▸ Listed entries:
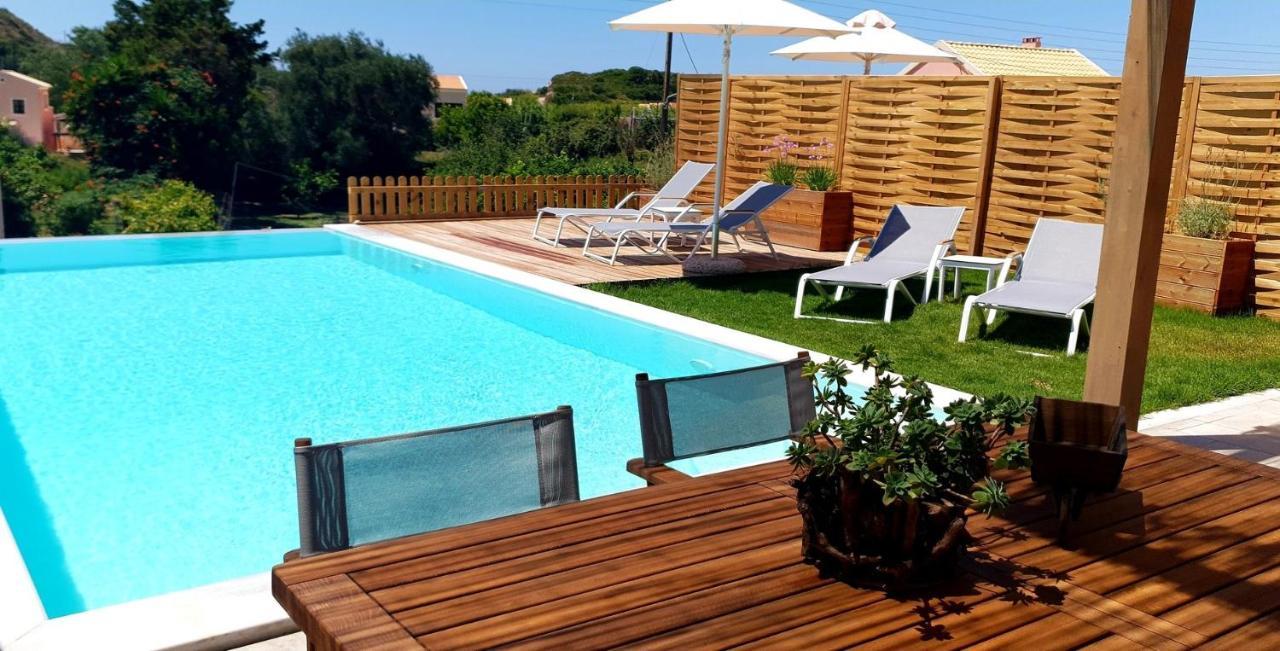 Reiki Villas Erikousa Ereikoussa Exteriör bild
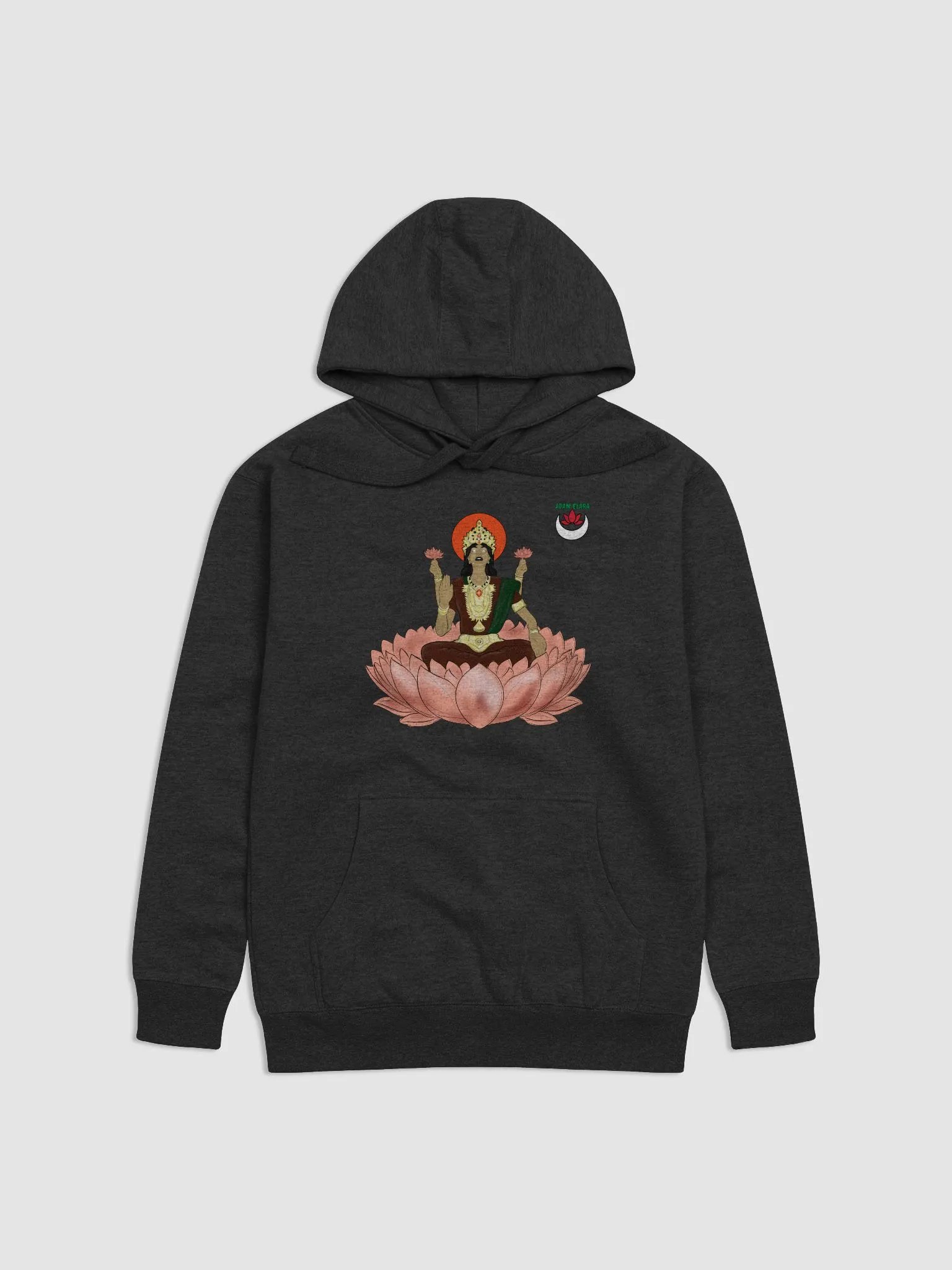 Lakshmi Unisex Premium Hoodie product image (1)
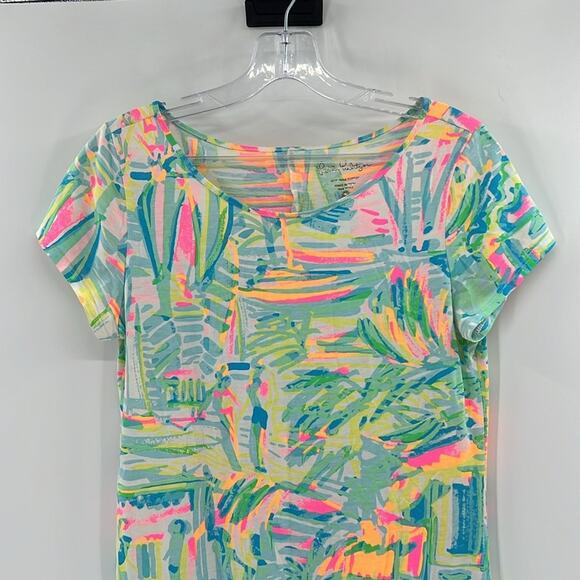 Lilly Pulitzer Women's Marlowe Boat Neck Dress - Multicolor - Small - Picture 3 of 7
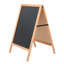 Porte-affiche trottoir double face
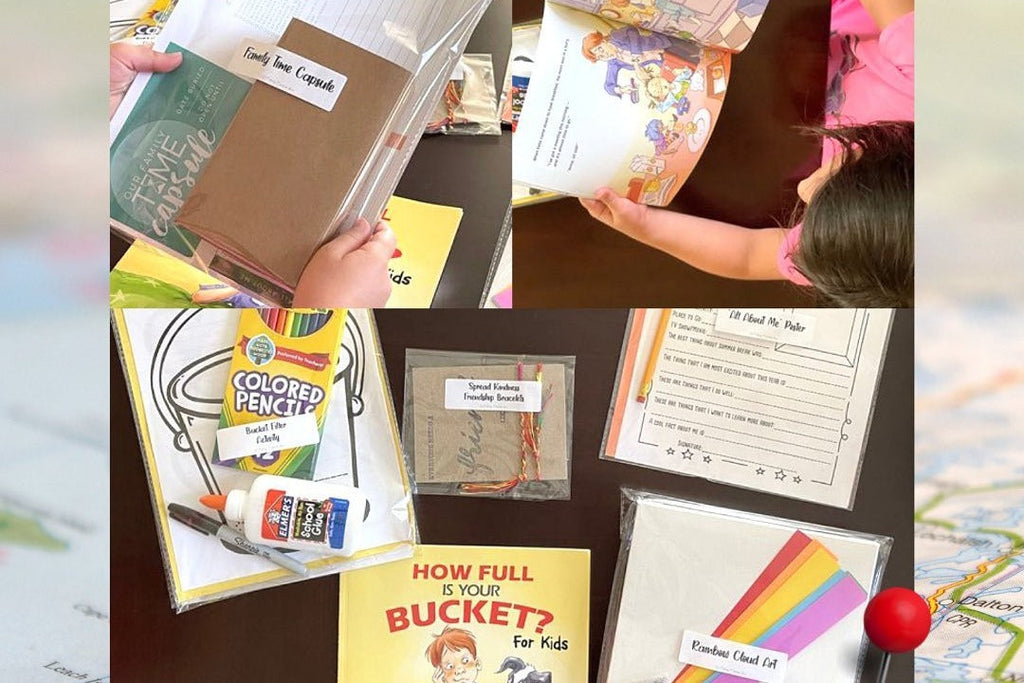 Making Memories Craft & Activity Box for Kids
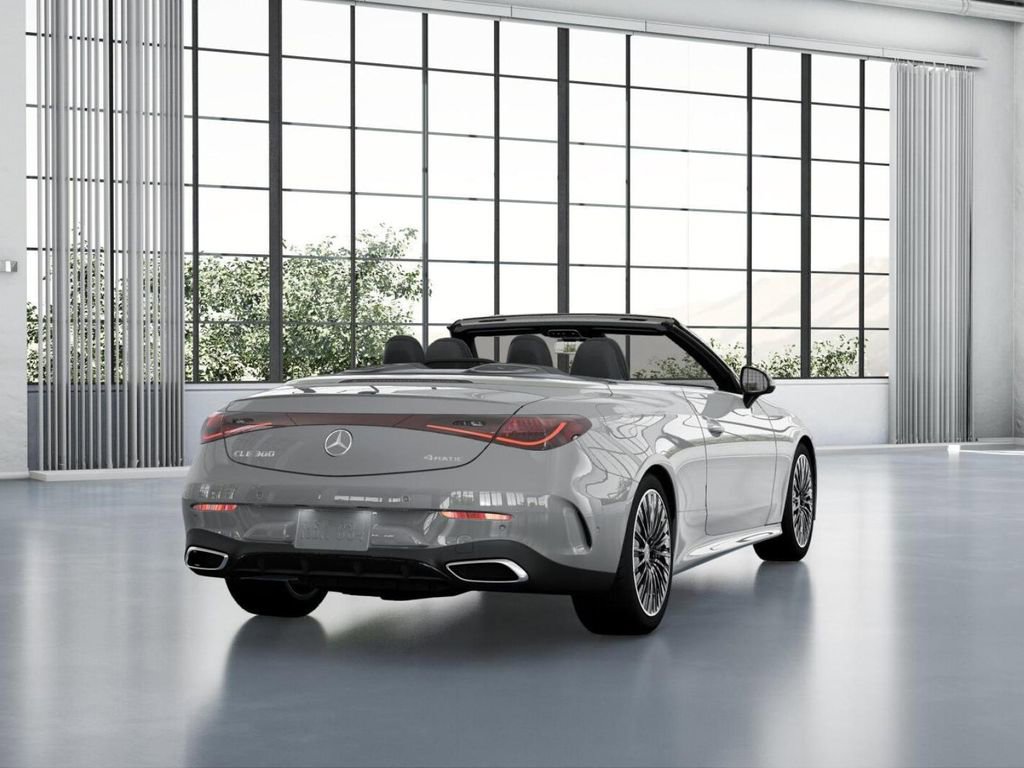 New 2026 Mercedes-Benz CLE 300 4MATIC Cabriolet image 23
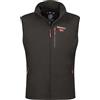 Geographical Norway VAKITO Uomo - Softshell Senza Maniche, Antivento e Leggero, Gilet con Cerniera Outdoor, Ideale per l'Escursionismo e Attività all'Aperto, Nero , XL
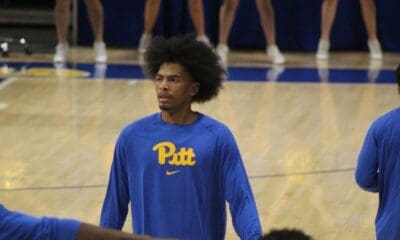 Pitt basketball wing Marlon Barnes Jr.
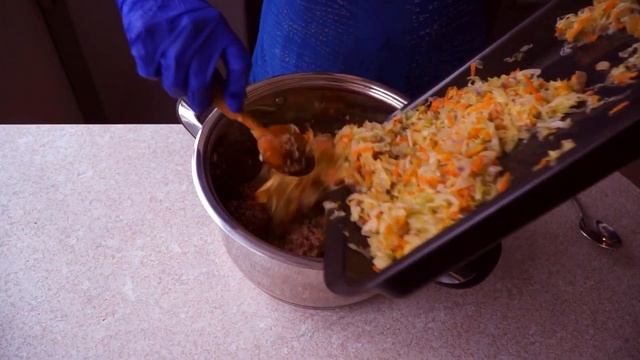 "Ленивые" голубцы по-быстрому. смотреть онлайн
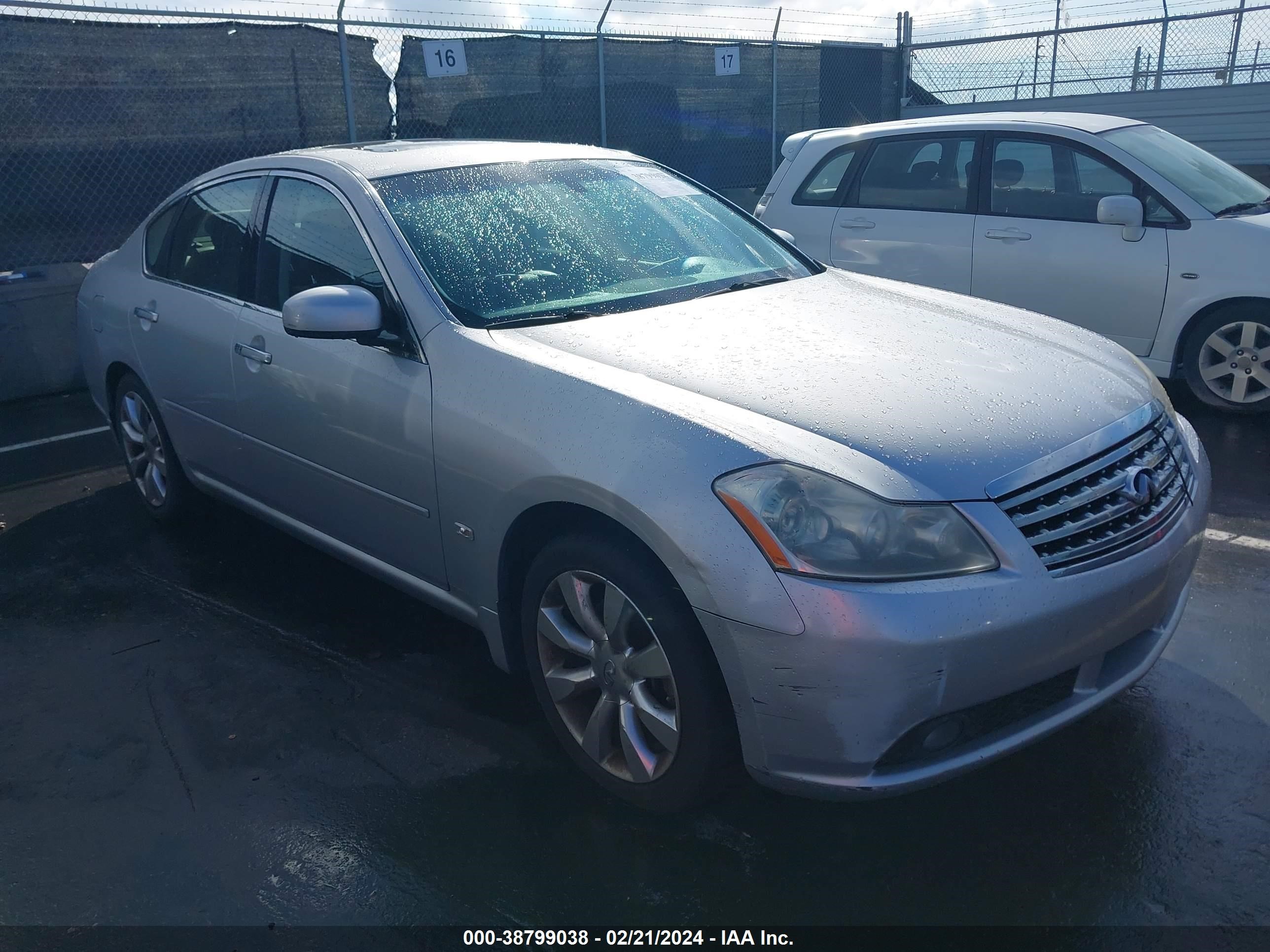 INFINITI M 2007 jnkay01e47m308510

▸ What the task requires: In the records above, find the line containing "New 2026 Mercedes-Benz" and restate it and every line after it word for word, all pictures excluded.

▸ Answer to the problem:
 New 2026 Mercedes-Benz CLE 300 4MATIC Cabriolet image 23
 Geographical Norway VAKITO Uomo - Softshell Senza Maniche, Antivento e Leggero, Gilet con Cerniera Outdoor, Ideale per l'Escursionismo e Attività all'Aperto, Nero , XL
 Pitt basketball wing Marlon Barnes Jr.
 "Ленивые" голубцы по-быстрому. смотреть онлайн
 INFINITI M 2007 jnkay01e47m308510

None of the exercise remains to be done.